One of the benefits of the mutual affirmation and admonition resulting from the co-operative agreement between Canadian Anglicans and Lutherans is that parochialism, ethnocentrism and narrow domesticity, no matter where its source, can be mutually challenged and transformed into opposite endeavours.

Wayne Holst


A healthy church

Dear editor,

Anglican Journal is to be commended for keeping the issue of marriage rights/rites for homosexuals on the front page. A willingness to offer space to both sides is one sign of a healthy church.

As a former Baptist minister now in fellowship in an Anglican church, I sympathize with both parties. Examining my own fundamentalist faith I came to realize it was a closed system which could not account for the multiplicity and diversity of human experience.

How are we to deal with the present controversy? First, accept it as an honest attempt by both sides to face an unprecedented situation in church and society.

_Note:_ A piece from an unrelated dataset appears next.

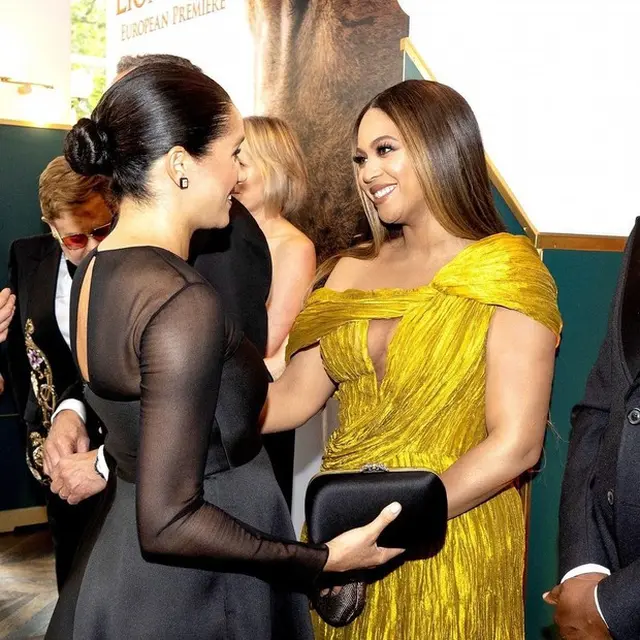 Meghan Markle tampak pertama kali memakai anting-anting khusus Lorraine Schwartz Diamond & Onyx Jacket pada acara Trooping of The Color 2019 dan selanjutnya ketika menghadiri premiere film The Lion King. (Foto: Instagram/@sussexroyal)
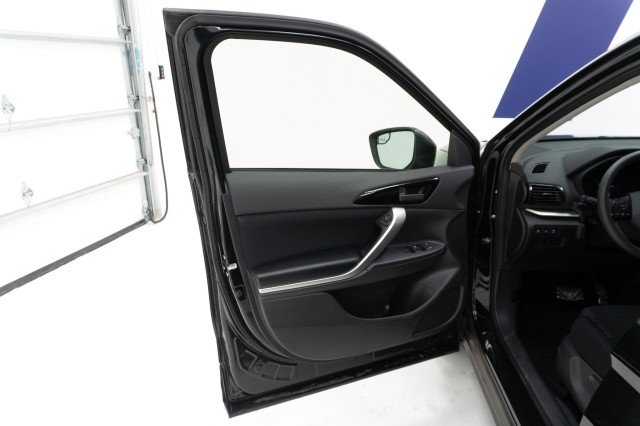 2026 Mitsubishi Eclipse Cross ES - Photo 15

Second, the establishment should say, “How can we help you bear fruit within your new ecclesiastical arrangements?” The sky won’t fall if the church splits.

Third, those in favor of leaving should study those churches which have gone before. They will discover that such congregations are no happier and no more united than the ones they abandoned. In fact, there is a revolving-door syndrome among fundamentalists.

Fourth, both sides should still co-operate on world relief. Why should a child in Sudan starve because certain Anglicans can’t get along?

With or without our blessing or condemnation, homosexuality is here to stay, a closed system on either side will be left at the pier. An open system is dynamic, responsive, adaptive, attractive and lasting.